Last words are important.

The words Jesus gave us before He ascended into heaven to sit at the right hand of the Father, those words are crucial.  We call those words, the Great Commission.

These words are our parting instructions and our biggest job as the church.

There are a lot of action words in this command.  Sometimes we can get bogged down on just one of them.  

This is not unlike when I ask my son to do multiple chores at once.  Sometimes his ears hear only one command.  I'll say, “Take these dishes to the sink, rinse them off, take the trash out from the kitchen and from the bathrooms, and put new trash bags in.”  Ninety-nine percent of the time, what happens is the dishes are sitting on the counter not rinsed off and the trash is in the dumpster, but there is no trash bag in any of the trash cans.

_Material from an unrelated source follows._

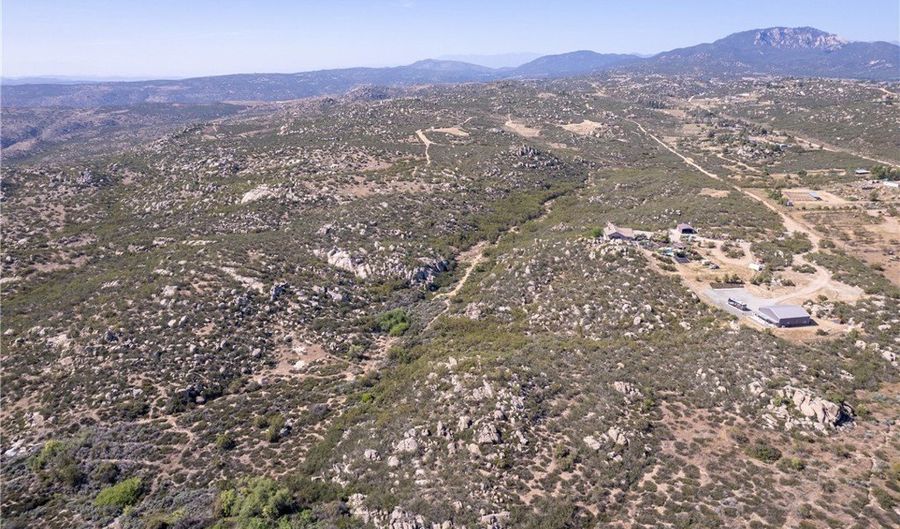 42955 Irons Rd, Aguanga, CA 92536 - 5 Beds, 5 Bath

It isn't because my son is a bad, disobedient kid.  It's because our kid ears don't always input information in.  (Unless it has to do with cheat codes to video games.  Then our kids become Rain Man all of the sudden.  Unfortunately, there are no Rain Man powers for our dishes.  Just once, I'd like my son to walk up and tell me, “There are 32 clean dishes put up in the cabinet, and I put 8 cups, 5 plates, 9 forks, 2 bowls, 6 spoons, and one knife in the dishwasher that I added soap to and started.”  If that happened, I might faint.)

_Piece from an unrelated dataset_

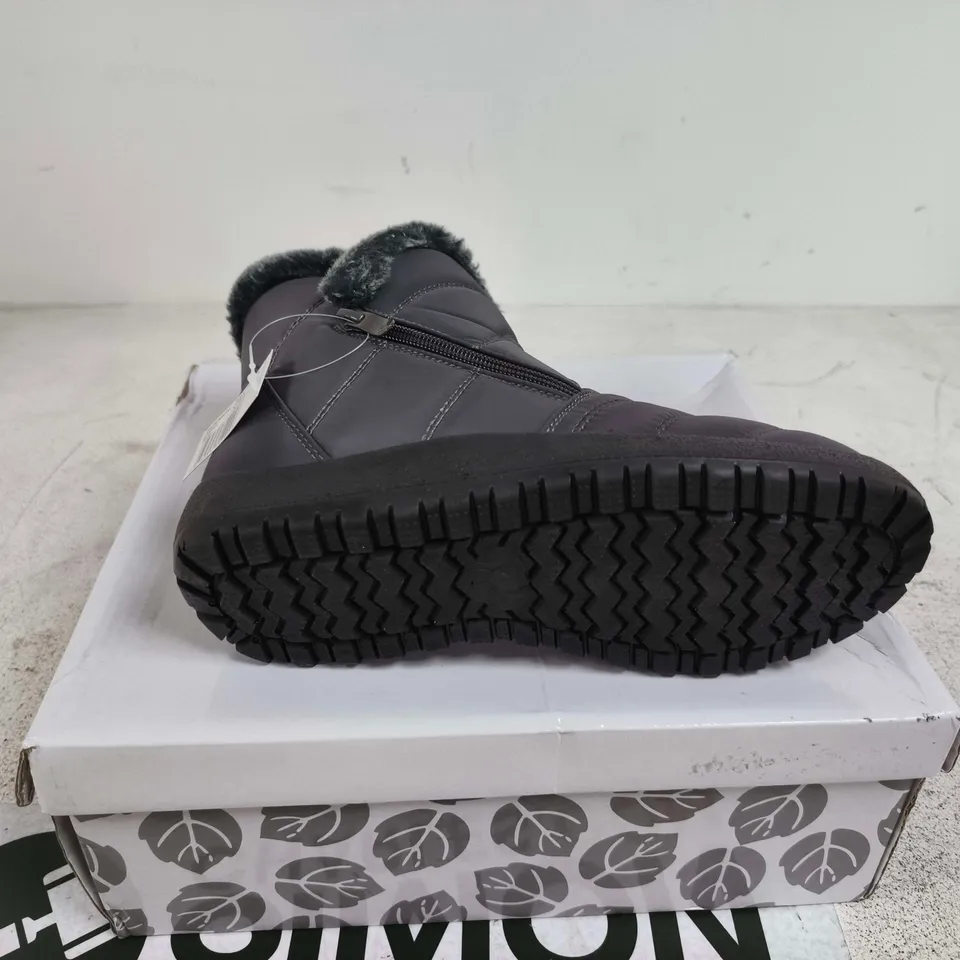 SHOE TREE COMFORT HAWTHORN BOOTS GREY UK 4 BOXED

I know about this kid ear problem because I remember having it.  My parents would give me instructions, but I would be busy being glued to a tv set watching something like Small Wonder or Pee Wee's Playhouse.  I wouldn't hear one word.

The genius comic strip writer Charles Schulz nailed it when he coined the adult to kid, “Mwa-Mwa-Mwa” muted trombone sound.

As we look at all the verbs in the Great Commission, let's try our best to not tune out any of the command.  He tells us to go, make, baptize, and teach.

The second thing that my human immaturity sees as I look at that list, is time.  I start to think what a long term project this sounds like Jesus is calling us to do.

But we aren't alone in this endeavor.

Jesus promised to send a helper, the Holy Spirit, to never leave us and to dwell with us.  The greek word Jesus actually used was parakletos which means “comforter” or “counselor.”

My brother-in-law Donnie Lane often points out that we get our word for parrot from the same greek word parakletos.  The same way a parrot would sit on its owner's shoulder and come along for his day of pirating or whatever else parrot owners do, the Holy Spirit comes along side us while we live this life of faith adventuring.

In my kids' home school co-op, this amazing, creative mom planned a whole class math and science that involved a weekly bubble station.  I was unsure of how we were going to play with bubbles all year long and learn math and science, but I was excited about it.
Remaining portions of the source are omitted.